# Data provided
Segment Open
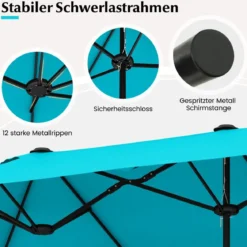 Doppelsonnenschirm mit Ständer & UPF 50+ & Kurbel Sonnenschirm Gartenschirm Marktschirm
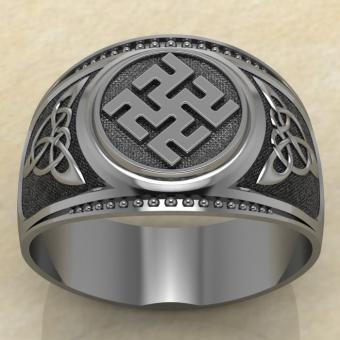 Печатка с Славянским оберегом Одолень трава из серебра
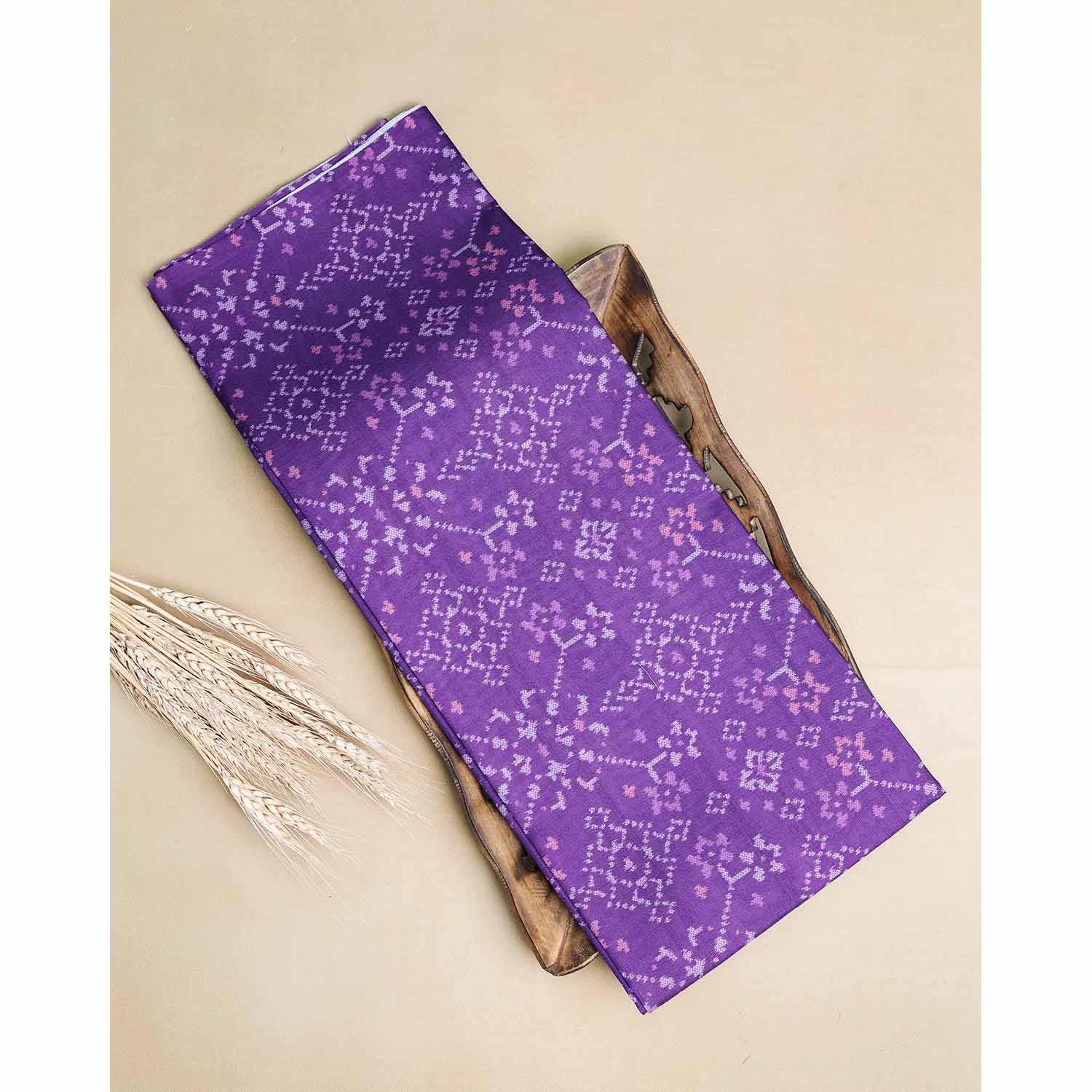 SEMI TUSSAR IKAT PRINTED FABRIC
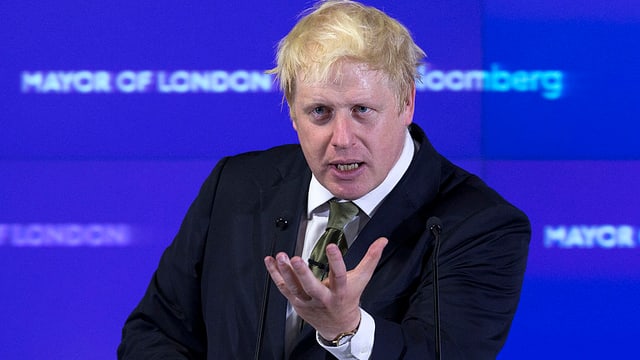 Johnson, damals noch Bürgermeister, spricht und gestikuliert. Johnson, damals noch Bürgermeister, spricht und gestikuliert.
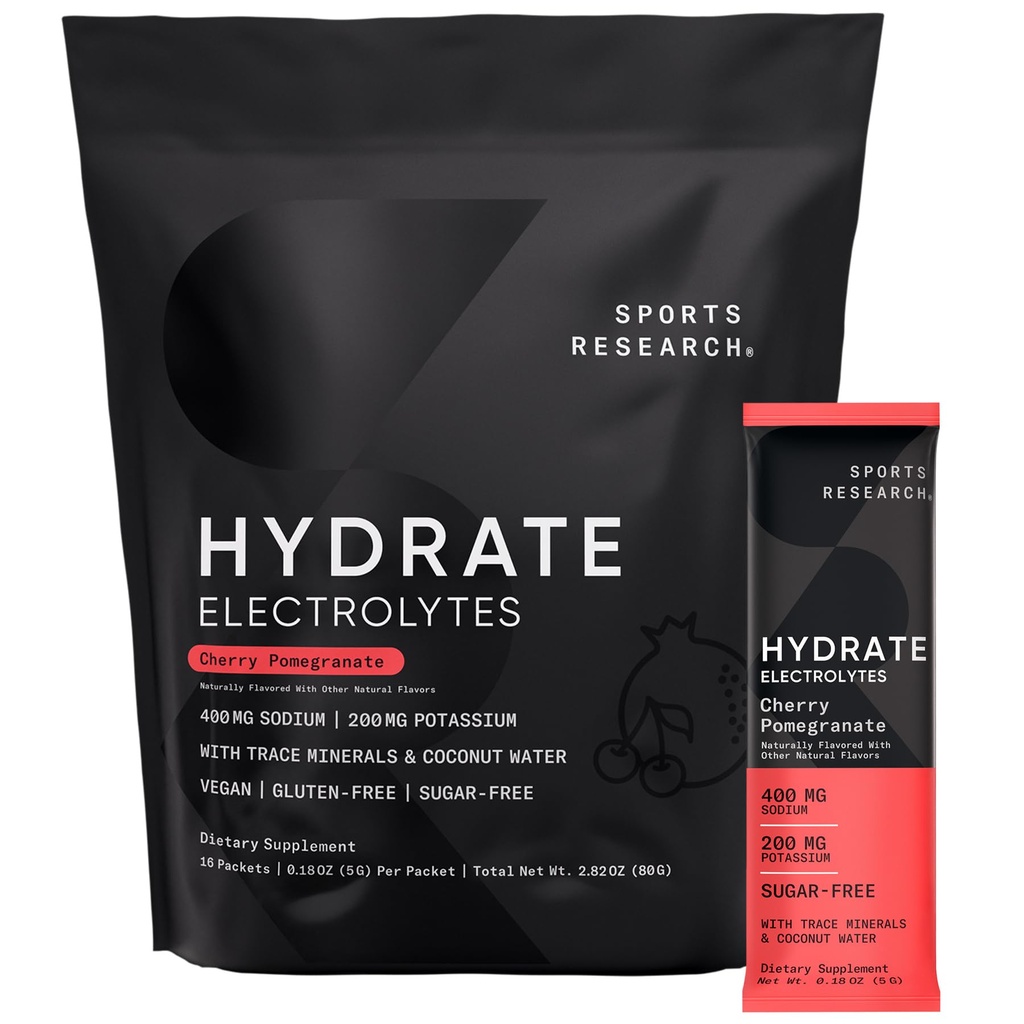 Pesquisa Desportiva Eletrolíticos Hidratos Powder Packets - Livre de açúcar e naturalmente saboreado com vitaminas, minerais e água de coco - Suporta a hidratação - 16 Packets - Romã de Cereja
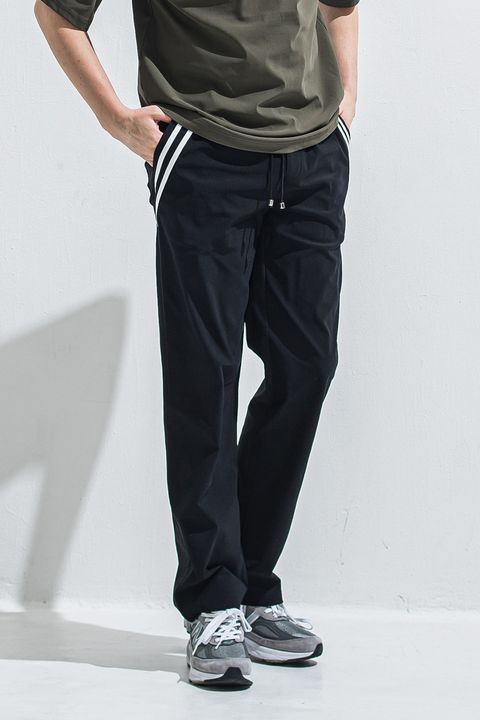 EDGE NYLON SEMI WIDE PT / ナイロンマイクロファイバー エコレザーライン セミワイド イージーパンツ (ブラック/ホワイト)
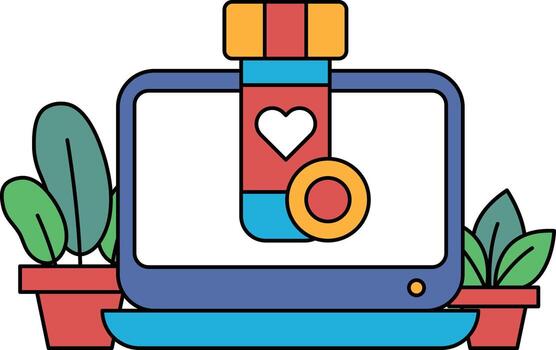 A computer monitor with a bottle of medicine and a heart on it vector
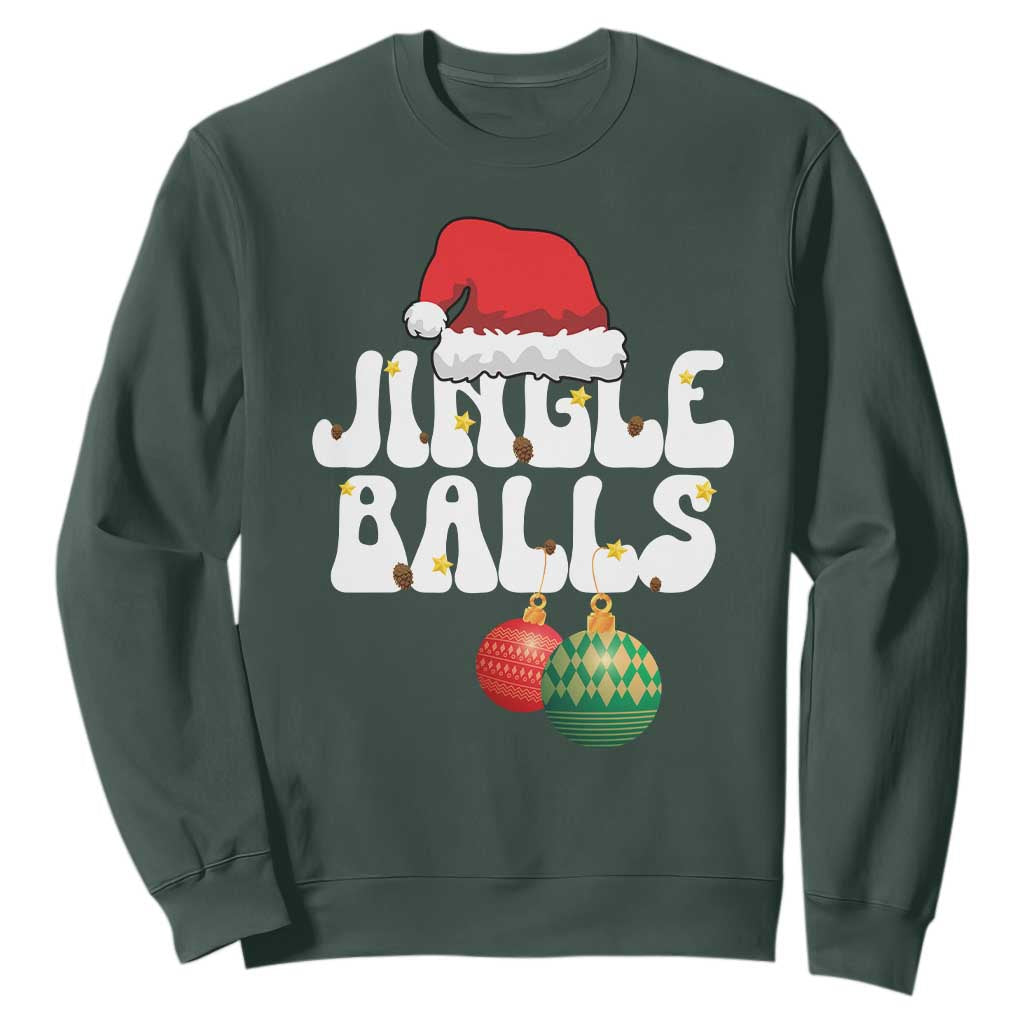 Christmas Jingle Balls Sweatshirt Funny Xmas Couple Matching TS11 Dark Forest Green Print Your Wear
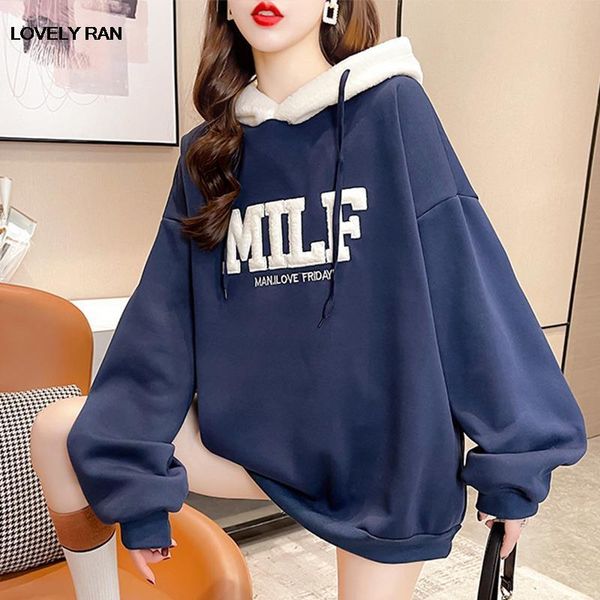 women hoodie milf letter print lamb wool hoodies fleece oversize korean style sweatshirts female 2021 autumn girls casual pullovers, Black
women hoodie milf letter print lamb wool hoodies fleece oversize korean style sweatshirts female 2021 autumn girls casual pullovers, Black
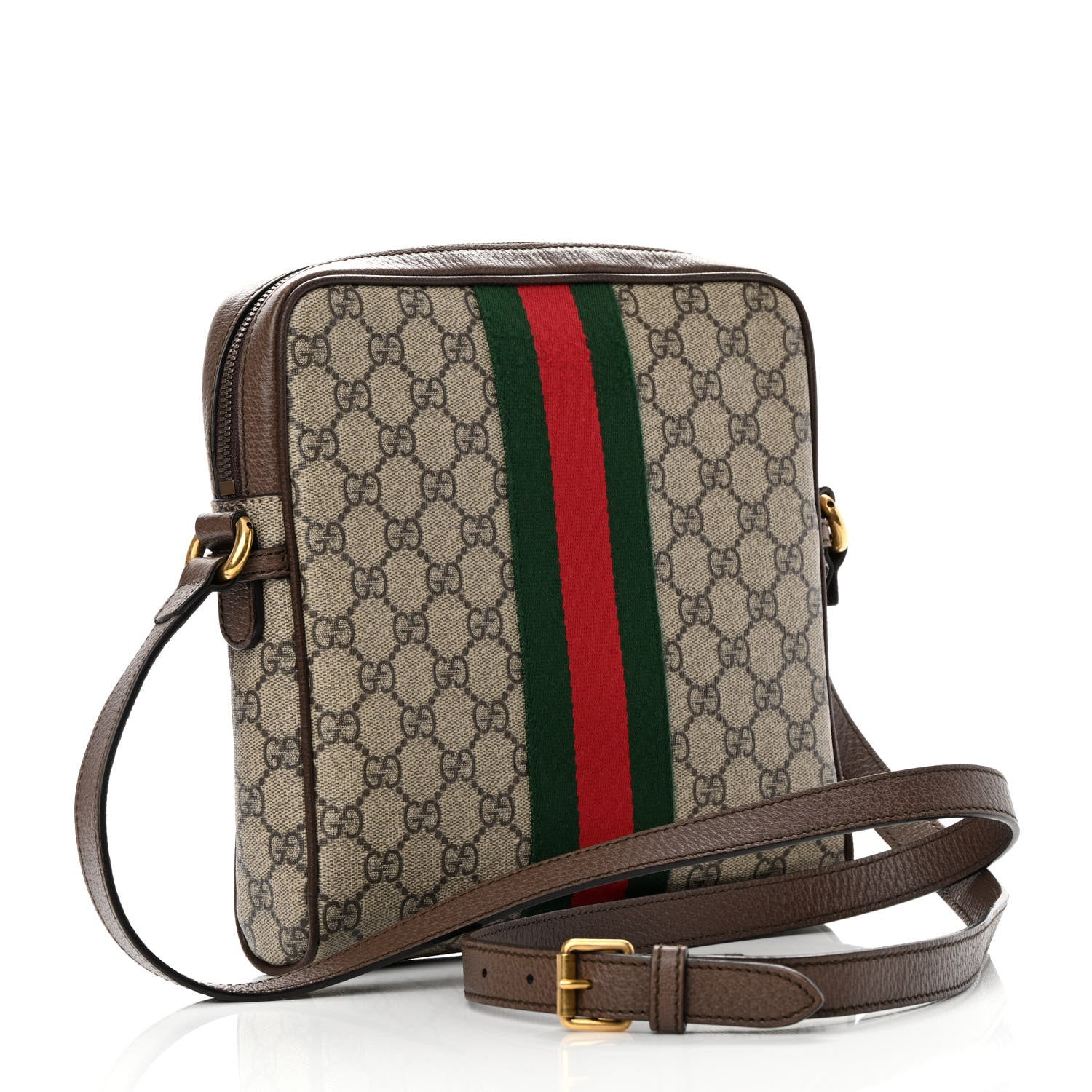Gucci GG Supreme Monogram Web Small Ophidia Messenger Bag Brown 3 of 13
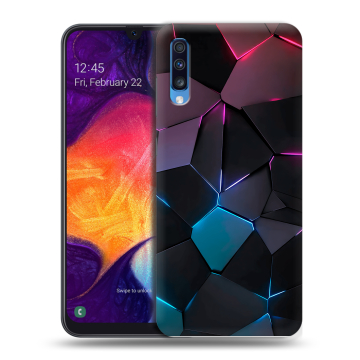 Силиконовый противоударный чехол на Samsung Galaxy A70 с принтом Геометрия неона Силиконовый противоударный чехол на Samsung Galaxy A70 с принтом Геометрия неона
Segment Closed
Reproduce only the lines between the line with "SEMI TUSSAR IKAT PRINTED FABRIC" and the final line of the records, both included, so that the copy matches them exactly and contains no pictures.

# Exercise solution
 SEMI TUSSAR IKAT PRINTED FABRIC
 Johnson, damals noch Bürgermeister, spricht und gestikuliert. Johnson, damals noch Bürgermeister, spricht und gestikuliert.
 Pesquisa Desportiva Eletrolíticos Hidratos Powder Packets - Livre de açúcar e naturalmente saboreado com vitaminas, minerais e água de coco - Suporta a hidratação - 16 Packets - Romã de Cereja
 EDGE NYLON SEMI WIDE PT / ナイロンマイクロファイバー エコレザーライン セミワイド イージーパンツ (ブラック/ホワイト)
 A computer monitor with a bottle of medicine and a heart on it vector
 Christmas Jingle Balls Sweatshirt Funny Xmas Couple Matching TS11 Dark Forest Green Print Your Wear
 women hoodie milf letter print lamb wool hoodies fleece oversize korean style sweatshirts female 2021 autumn girls casual pullovers, Black
women hoodie milf letter print lamb wool hoodies fleece oversize korean style sweatshirts female 2021 autumn girls casual pullovers, Black
Gucci GG Supreme Monogram Web Small Ophidia Messenger Bag Brown 3 of 13
 Силиконовый противоударный чехол на Samsung Galaxy A70 с принтом Геометрия неона Силиконовый противоударный чехол на Samsung Galaxy A70 с принтом Геометрия неона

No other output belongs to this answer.